▶ WHAT YOU SHOULD DO: Return all lines in the material below that contain "white".

▶ DATA EXTRACT:
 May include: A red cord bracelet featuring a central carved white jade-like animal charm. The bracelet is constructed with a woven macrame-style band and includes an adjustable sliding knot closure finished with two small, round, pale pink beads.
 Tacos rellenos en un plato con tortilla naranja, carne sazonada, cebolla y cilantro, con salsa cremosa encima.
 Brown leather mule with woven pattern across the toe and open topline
...
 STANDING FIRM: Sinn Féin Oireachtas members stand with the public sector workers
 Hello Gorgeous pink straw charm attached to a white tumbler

▶ RESPONSE:
 May include: A red cord bracelet featuring a central carved white jade-like animal charm. The bracelet is constructed with a woven macrame-style band and includes an adjustable sliding knot closure finished with two small, round, pale pink beads.
 Hello Gorgeous pink straw charm attached to a white tumbler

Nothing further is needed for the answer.